→ **The task**: The result should be the lines from the one holding "video of midsection" to the final line of the records, retyped exactly.

[Items from a dataset]
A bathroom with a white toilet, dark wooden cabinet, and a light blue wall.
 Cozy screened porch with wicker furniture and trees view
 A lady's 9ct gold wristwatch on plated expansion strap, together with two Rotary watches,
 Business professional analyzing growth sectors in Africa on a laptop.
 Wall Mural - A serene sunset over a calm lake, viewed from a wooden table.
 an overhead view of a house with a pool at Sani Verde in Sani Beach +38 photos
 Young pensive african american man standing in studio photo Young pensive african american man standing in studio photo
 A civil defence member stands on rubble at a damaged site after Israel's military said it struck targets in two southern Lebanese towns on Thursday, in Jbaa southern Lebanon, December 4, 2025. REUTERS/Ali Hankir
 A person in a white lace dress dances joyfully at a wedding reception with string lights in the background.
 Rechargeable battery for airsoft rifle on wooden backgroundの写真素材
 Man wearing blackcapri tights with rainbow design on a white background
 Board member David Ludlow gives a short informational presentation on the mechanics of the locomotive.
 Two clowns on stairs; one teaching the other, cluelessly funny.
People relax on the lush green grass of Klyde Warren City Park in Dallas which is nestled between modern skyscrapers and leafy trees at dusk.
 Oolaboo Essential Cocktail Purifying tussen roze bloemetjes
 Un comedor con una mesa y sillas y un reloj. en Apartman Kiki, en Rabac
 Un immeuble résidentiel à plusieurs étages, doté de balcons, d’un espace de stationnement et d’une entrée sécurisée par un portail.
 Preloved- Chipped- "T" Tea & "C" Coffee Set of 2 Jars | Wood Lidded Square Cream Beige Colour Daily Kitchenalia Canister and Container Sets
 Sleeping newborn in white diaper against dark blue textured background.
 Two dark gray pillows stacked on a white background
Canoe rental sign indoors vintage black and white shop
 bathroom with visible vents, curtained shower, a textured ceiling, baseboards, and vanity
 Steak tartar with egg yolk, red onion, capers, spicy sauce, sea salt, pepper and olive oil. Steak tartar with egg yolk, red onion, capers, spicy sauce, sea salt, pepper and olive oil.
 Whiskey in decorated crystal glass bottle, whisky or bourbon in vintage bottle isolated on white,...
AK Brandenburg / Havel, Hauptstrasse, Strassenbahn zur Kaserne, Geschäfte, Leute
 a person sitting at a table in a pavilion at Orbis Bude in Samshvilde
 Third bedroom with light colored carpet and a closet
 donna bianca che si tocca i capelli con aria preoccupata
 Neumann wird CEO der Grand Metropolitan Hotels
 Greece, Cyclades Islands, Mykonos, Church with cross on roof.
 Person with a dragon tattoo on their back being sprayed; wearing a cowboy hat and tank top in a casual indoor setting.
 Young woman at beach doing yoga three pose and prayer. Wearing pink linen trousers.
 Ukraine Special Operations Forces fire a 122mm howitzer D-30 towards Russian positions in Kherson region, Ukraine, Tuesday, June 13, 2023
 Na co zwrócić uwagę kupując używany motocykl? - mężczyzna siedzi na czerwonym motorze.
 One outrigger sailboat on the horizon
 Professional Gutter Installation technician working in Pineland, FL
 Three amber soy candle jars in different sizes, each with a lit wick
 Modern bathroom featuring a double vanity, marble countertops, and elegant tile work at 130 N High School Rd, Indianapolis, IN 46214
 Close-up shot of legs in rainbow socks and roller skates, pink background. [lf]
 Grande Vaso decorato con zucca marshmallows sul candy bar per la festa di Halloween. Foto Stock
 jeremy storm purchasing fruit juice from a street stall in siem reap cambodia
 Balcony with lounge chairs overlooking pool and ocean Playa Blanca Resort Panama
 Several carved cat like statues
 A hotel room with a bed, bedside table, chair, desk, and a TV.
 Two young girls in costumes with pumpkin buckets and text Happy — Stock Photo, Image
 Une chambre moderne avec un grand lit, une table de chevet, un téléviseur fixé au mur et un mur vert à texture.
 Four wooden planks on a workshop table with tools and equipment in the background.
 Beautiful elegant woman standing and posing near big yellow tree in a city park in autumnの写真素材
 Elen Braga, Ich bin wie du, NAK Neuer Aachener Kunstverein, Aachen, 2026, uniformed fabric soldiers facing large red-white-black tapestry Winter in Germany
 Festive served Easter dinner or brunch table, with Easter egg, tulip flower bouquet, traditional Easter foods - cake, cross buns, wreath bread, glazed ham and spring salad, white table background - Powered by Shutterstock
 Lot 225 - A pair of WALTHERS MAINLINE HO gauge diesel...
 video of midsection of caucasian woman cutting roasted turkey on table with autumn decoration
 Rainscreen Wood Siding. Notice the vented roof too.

→ **Written reply**:
 video of midsection of caucasian woman cutting roasted turkey on table with autumn decoration
 Rainscreen Wood Siding. Notice the vented roof too.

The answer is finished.